Editor- Although air movement alone will not always prevent heat stroke in air close to body temperature if the air is saturated (1) or if sweating is impaired, for example by drugs with anticholinergic actions (2), air movement is an essential component in prevention of heat stroke. The advice offered recently (3) specifically related to heat stress in Britain over the next decade, and included not only a fan but moistening of clothing, open window, light clothing and avoidance of physical exertion. Moistening of clothing substitutes for sweat. In moving air this allows evaporative cooling even of people with impaired sweating and in air warmer than body core temperature. In British (and most other) heat waves, outdoor air is well short of saturation. Relative humidity was 22% near Faversham when the record temperature of 38.5C was recorded there last summer.
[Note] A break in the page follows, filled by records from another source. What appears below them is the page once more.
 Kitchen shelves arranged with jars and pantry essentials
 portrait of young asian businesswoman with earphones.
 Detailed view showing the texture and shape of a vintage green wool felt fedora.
Air conditioning can virtually eliminate heat related mortality even in a subtropical climate (4). However, its capital cost and energy consumption are high, and it is not widely installed in countries like Britain where high temperatures are infrequent. Once heat stress does occur, cool baths are effective, but repeated immersion is less likely to be acceptable to elderly and ill people than moistening of exposed skin and air movement from an open window. In case of doubt there is a simple test of whether this or any other measure is helping. If it makes people feel cooler and more comfortable, it almost certainly is.
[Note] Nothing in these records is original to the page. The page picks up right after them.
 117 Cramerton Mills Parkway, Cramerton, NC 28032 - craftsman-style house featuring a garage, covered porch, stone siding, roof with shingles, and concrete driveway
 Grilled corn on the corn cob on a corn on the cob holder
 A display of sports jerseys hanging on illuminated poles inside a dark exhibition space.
The design and management of buildings for hot weather is a different, but important, issue. As Pauleau (5) points out, buildings can warm more slowly than outdoor air during the day, and closing windows for part of the day will then help. However, solar radiation, and heat production by people and by cooking, can make buildings warm faster than outside air. Closed windows then accelerate the warming, as well as letting humidity rise. Sunlight entering through windows, high occupancy, and low thermal mass and insulation are major factors promoting rapid warming. A lounge with picture windows and full of elderly people on a sunny day is a particular risk, even if the people in it are shaded from direct sunlight. Incidentally, outdoor slatted shutters are more effective than indoor curtains against solar heating. The shutters prevent radiation entering the building to produce greenhouse warming, while indoor curtains do not.

William R. Keatinge, Professor
Medical Sciences Building, Bart’s and The London Medical School, Queen Mary and Westfield College, Mile End Road, London E1 2AD
w.r.keatinge@qmul.ac.uk

1 Wolfe RM. Death in heat waves. BMJ 2003;327:1228..

2. Kilbourne EM, Choi K, Jones TS, Thacker SB, and the field investigation team. Risk factors for heat stroke: a case control study. JAMA 1982;247:3332-6

3. Keatinge WR Death in heat waves. BMJ 2003;327:512-3.

4. Donaldson GC, Keatinge WR, Nayha S. Changes in summer temperature and heat related mortality since 1971 in North Carolina, South Finland and Southeast England. Environ Res 2003;91:1-7.

5. Pauleau A. Death in heat waves. BMJ 2003;327:1228-9.